WHAT TO DO = Could you repeat the listing below exactly while leaving its pictures behind?

___

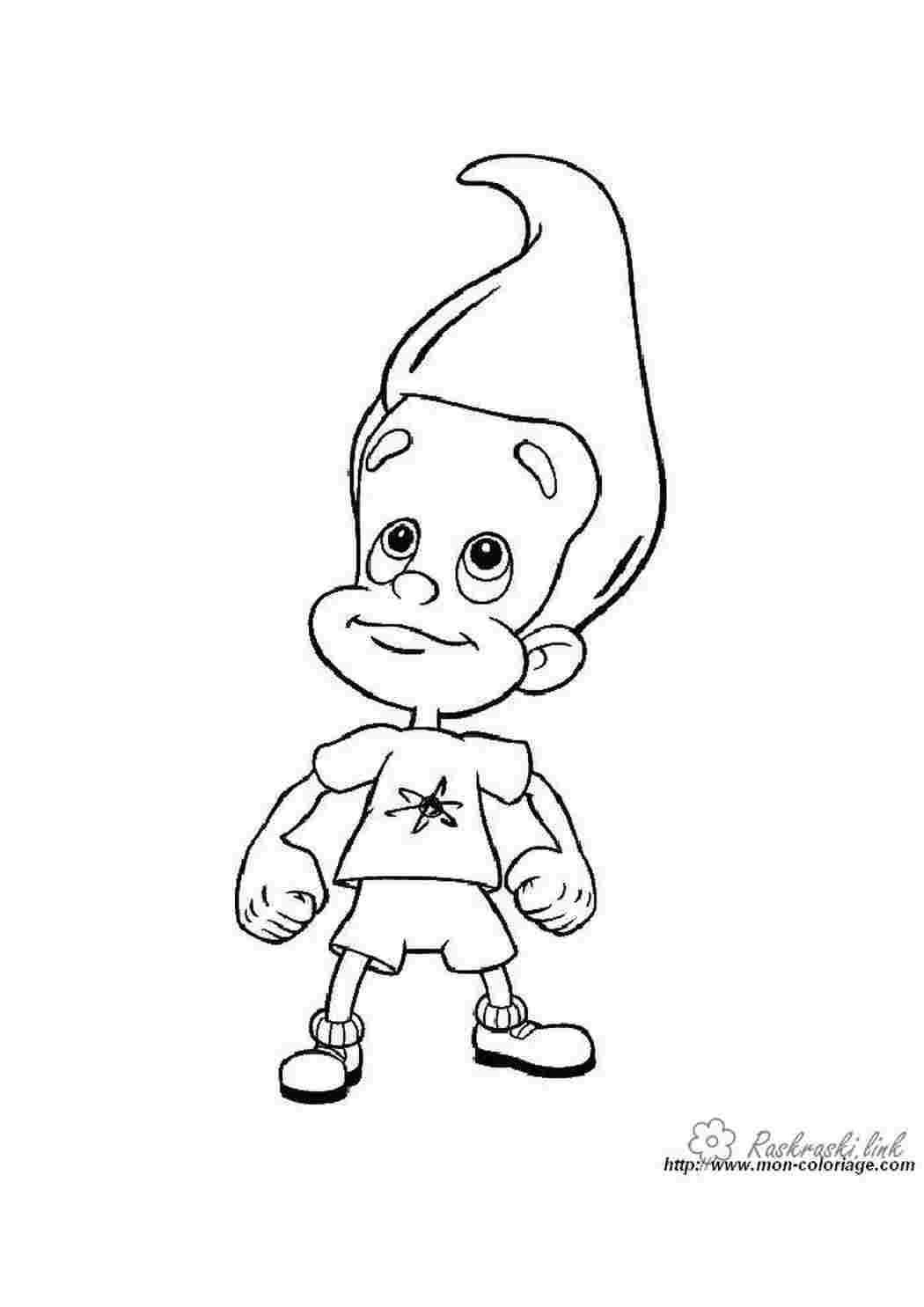 Раскраска розмальовки мультфільми Nickelodeon розмальовки Джиммі Нейтрон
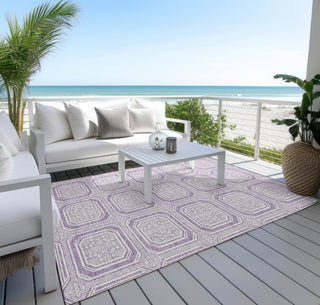 Piper Looms Chantille Geometric ACN1457 Lavender Machine Washable Area Rug Outdoor Lifestyle Image Feature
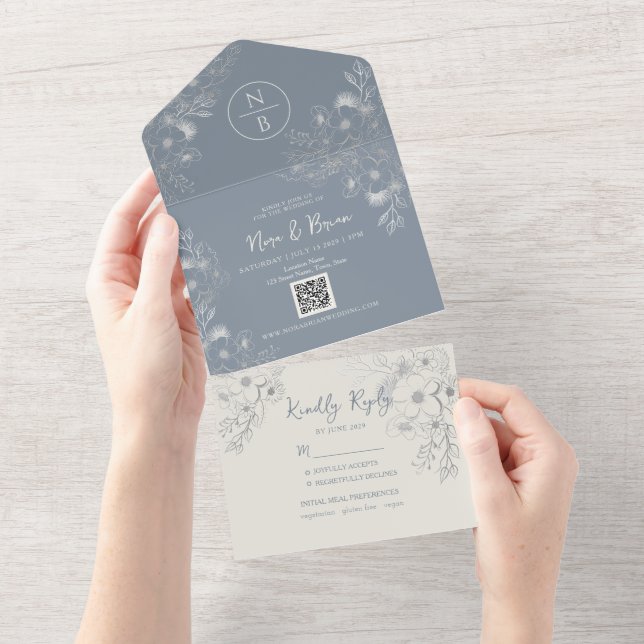 Invitación Todo En Uno Boda Boho Azul Polvoriento Vinca (desgarro)
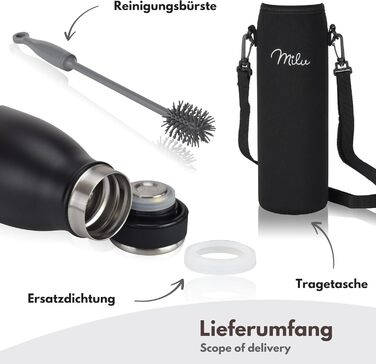 Термофляшка Milu 1Л, 350мл, 500мл, 750мл, 1,5Л: ізольована фляжка з нержавіючої сталі, термокана, подвійні стінки, для газованих напоїв (чорна)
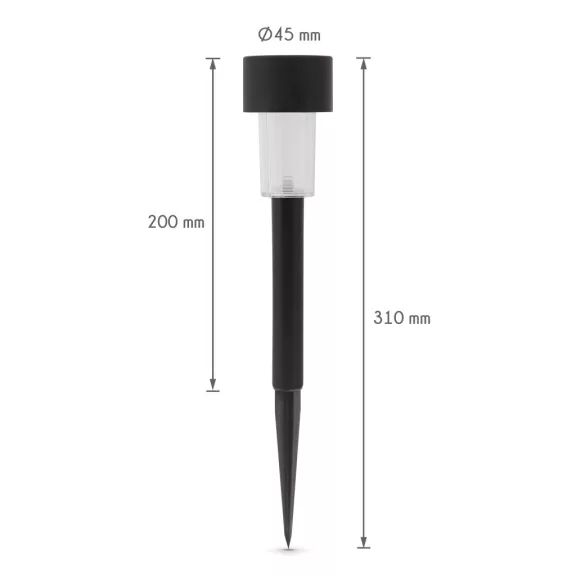 LED-es kültéri szolár lámpa 190 x 45 mm műanyag - fekete LED-es kültéri szolár lámpa 190 x 45 mm műanyag - fekete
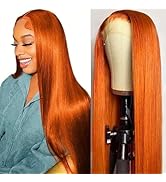 13x4 Transparent Lace Front Wig Ginger Orange - 12-30 Inch Virgin Human Hair Colored Wig
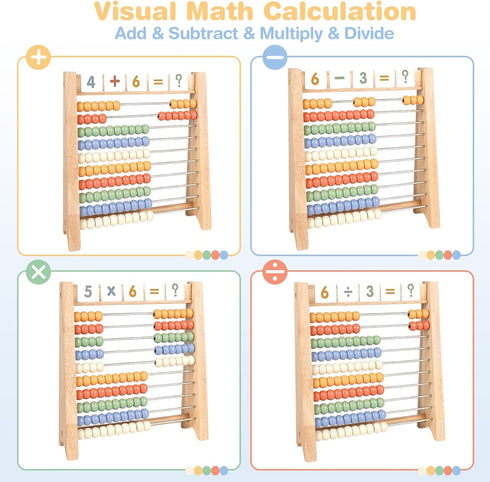 100 Counting 112 Counting Abacus for Kids Math - Wooden Abacus with Sticks and Math Cards, Toys for Preschool Learning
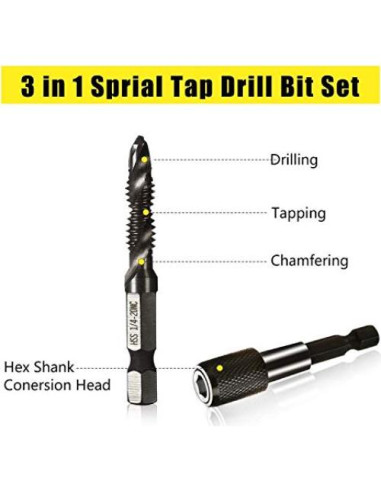 Juego de Brocas y Machos de Rosca 13 PCS HUAZHICHUN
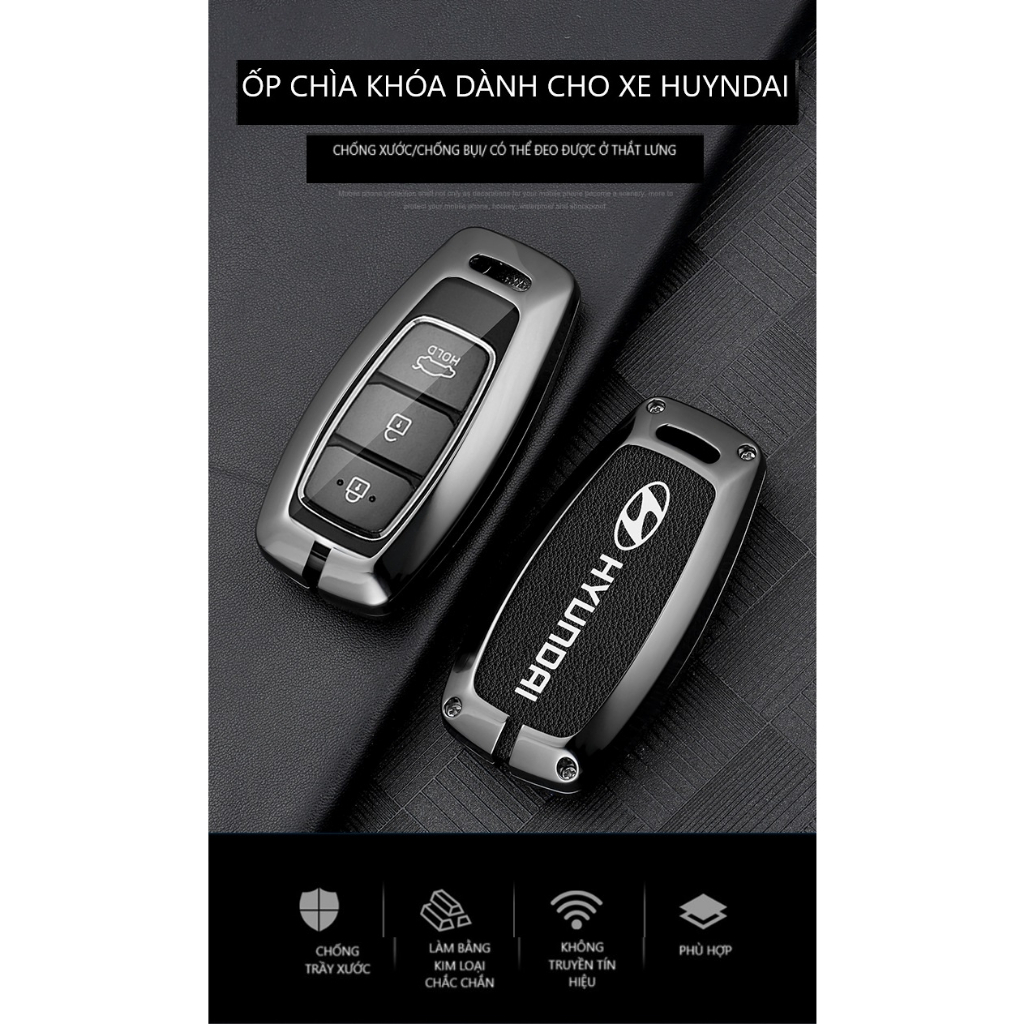 Ốp chìa khóa Hợp kim cao cấp  Hyundai Accent, Kona, Santafe, Elantra 2023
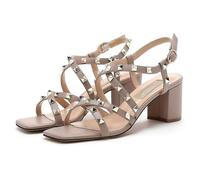 CHMILE CHAU 【Debes medir la longitud de tus pies antes de realizar el pedido】 Sandalias de mujer con tacón alto bloque de puntera redonda tobillera-Rivets-Gladiador 75-CHC-19, beige, 38.5 EU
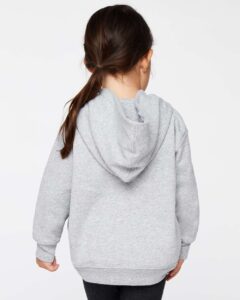 Rabbit Skins 3326 Toddler Pullover Fleece Hoodie – Heather (on model back)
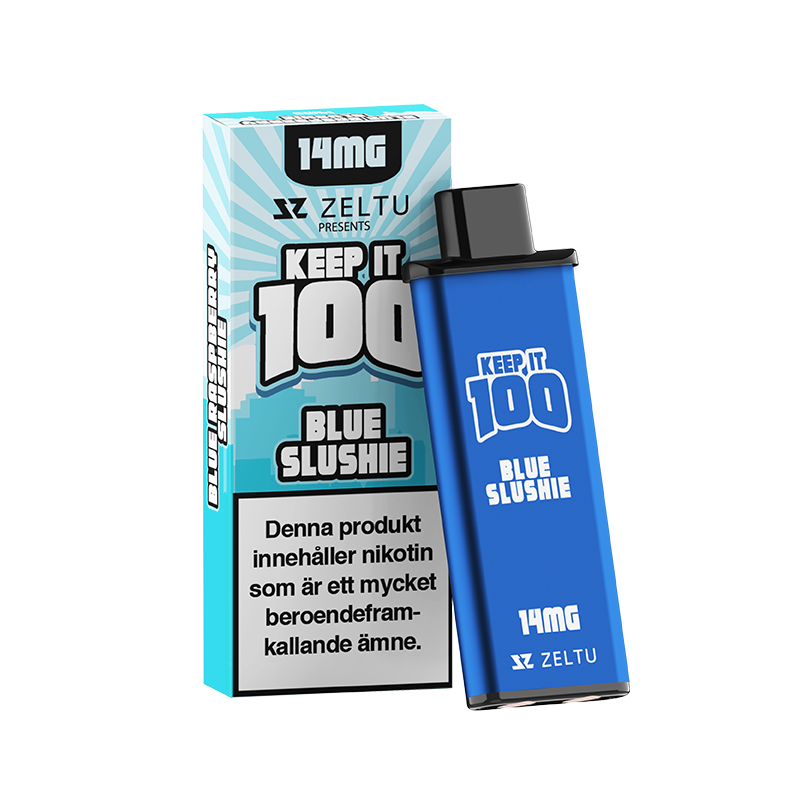 Zeltu X3 Keep It 100 Blue Slushie pod framför originalförpackning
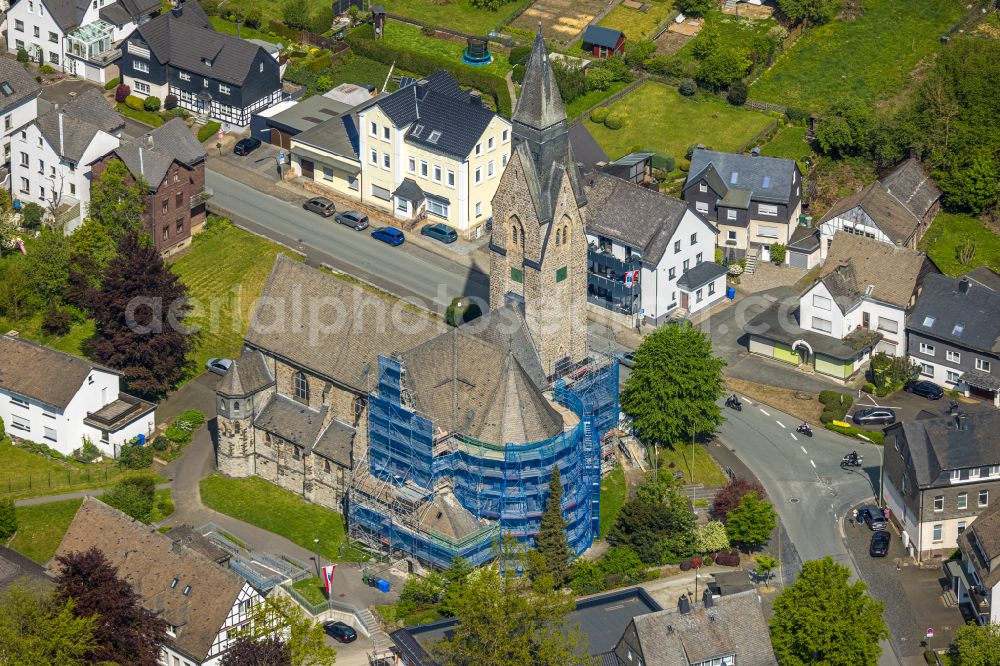 Aerial photograph Bestwig - Church building Sankt-Anna-church at the Kirchstrasse in Bestwig in the state North Rhine-Westphalia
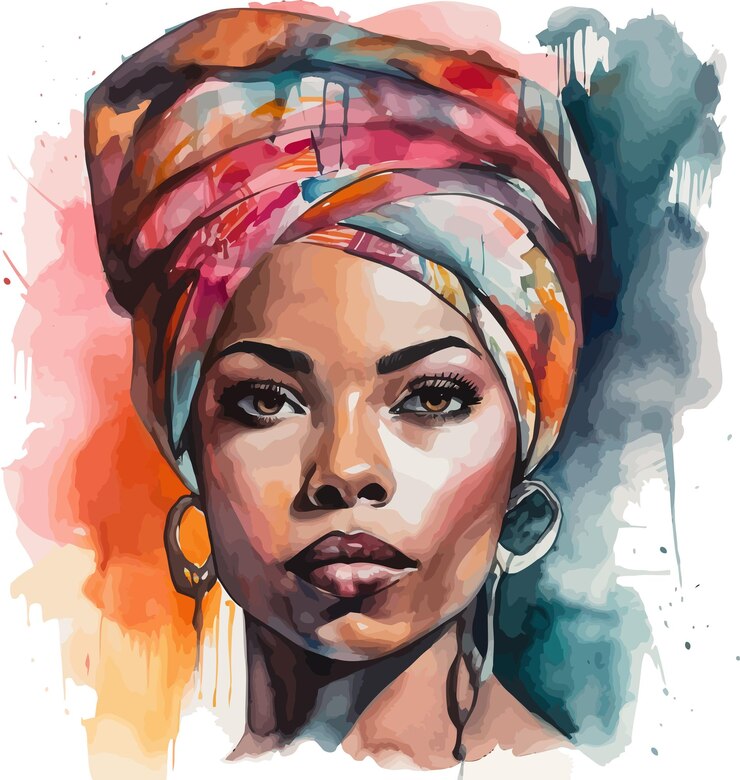 African American Black Women illustration vector Watercolor Clipart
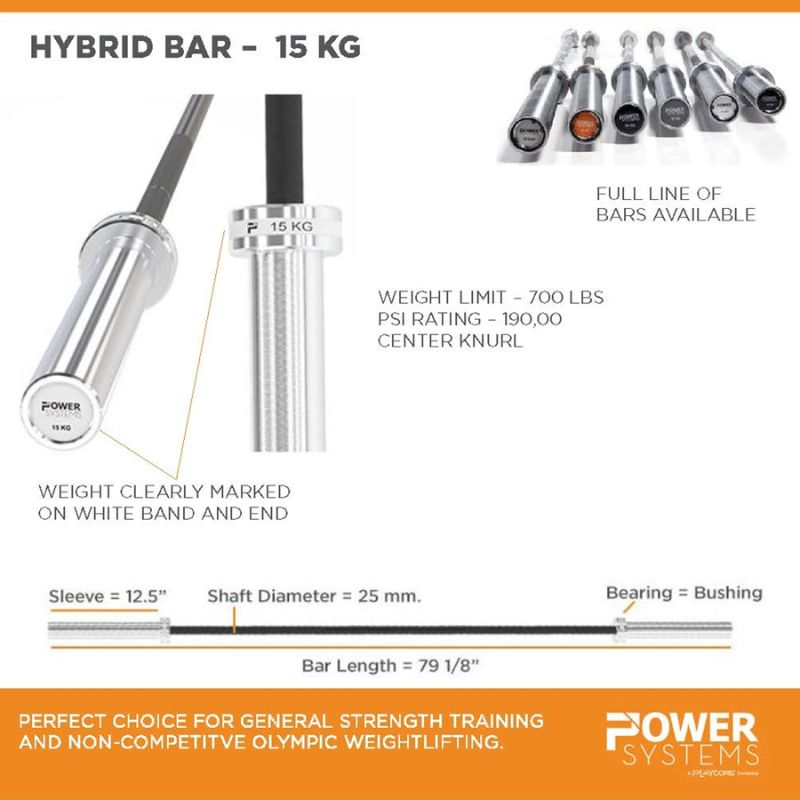 Power Systems Women's 15KG Hybrid Bar Specifications and Dimensions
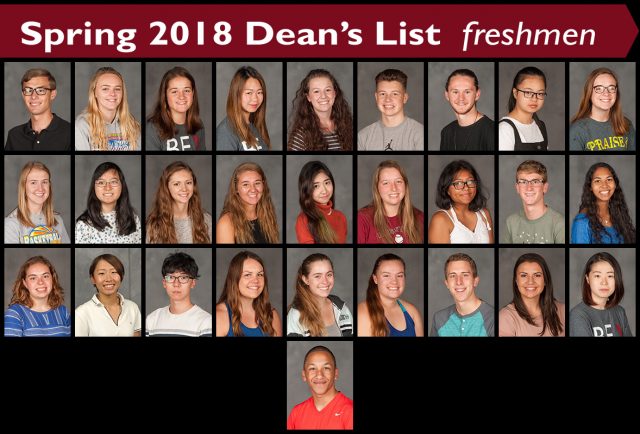 Spring 2018 Dean's List Freshman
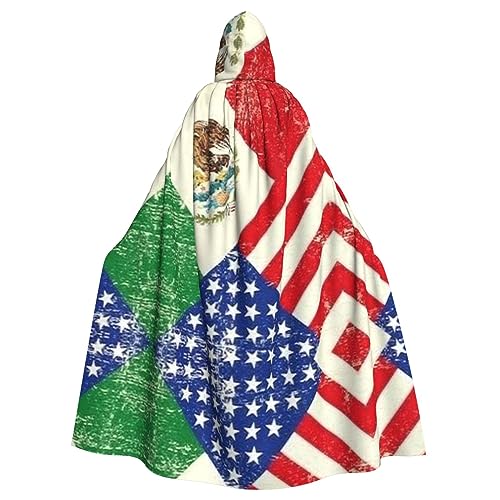 Sylale Kapuzenumhang mit mexikanischer amerikanischer Flagge, Unisex, Erwachsene, Halloween, Cosplay-Kostüm von Sylale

___

WRITTEN ANSWER =
 Раскраска розмальовки мультфільми Nickelodeon розмальовки Джиммі Нейтрон
 Piper Looms Chantille Geometric ACN1457 Lavender Machine Washable Area Rug Outdoor Lifestyle Image Feature
 Invitación Todo En Uno Boda Boho Azul Polvoriento Vinca (desgarro)
 Термофляшка Milu 1Л, 350мл, 500мл, 750мл, 1,5Л: ізольована фляжка з нержавіючої сталі, термокана, подвійні стінки, для газованих напоїв (чорна)
 LED-es kültéri szolár lámpa 190 x 45 mm műanyag - fekete LED-es kültéri szolár lámpa 190 x 45 mm műanyag - fekete
 13x4 Transparent Lace Front Wig Ginger Orange - 12-30 Inch Virgin Human Hair Colored Wig
 100 Counting 112 Counting Abacus for Kids Math - Wooden Abacus with Sticks and Math Cards, Toys for Preschool Learning
 Juego de Brocas y Machos de Rosca 13 PCS HUAZHICHUN
 Ốp chìa khóa Hợp kim cao cấp  Hyundai Accent, Kona, Santafe, Elantra 2023
 CHMILE CHAU 【Debes medir la longitud de tus pies antes de realizar el pedido】 Sandalias de mujer con tacón alto bloque de puntera redonda tobillera-Rivets-Gladiador 75-CHC-19, beige, 38.5 EU
 Rabbit Skins 3326 Toddler Pullover Fleece Hoodie – Heather (on model back)
 Zeltu X3 Keep It 100 Blue Slushie pod framför originalförpackning
 Aerial photograph Bestwig - Church building Sankt-Anna-church at the Kirchstrasse in Bestwig in the state North Rhine-Westphalia
 African American Black Women illustration vector Watercolor Clipart
 Power Systems Women's 15KG Hybrid Bar Specifications and Dimensions
 Spring 2018 Dean's List Freshman
 Sylale Kapuzenumhang mit mexikanischer amerikanischer Flagge, Unisex, Erwachsene, Halloween, Cosplay-Kostüm von Sylale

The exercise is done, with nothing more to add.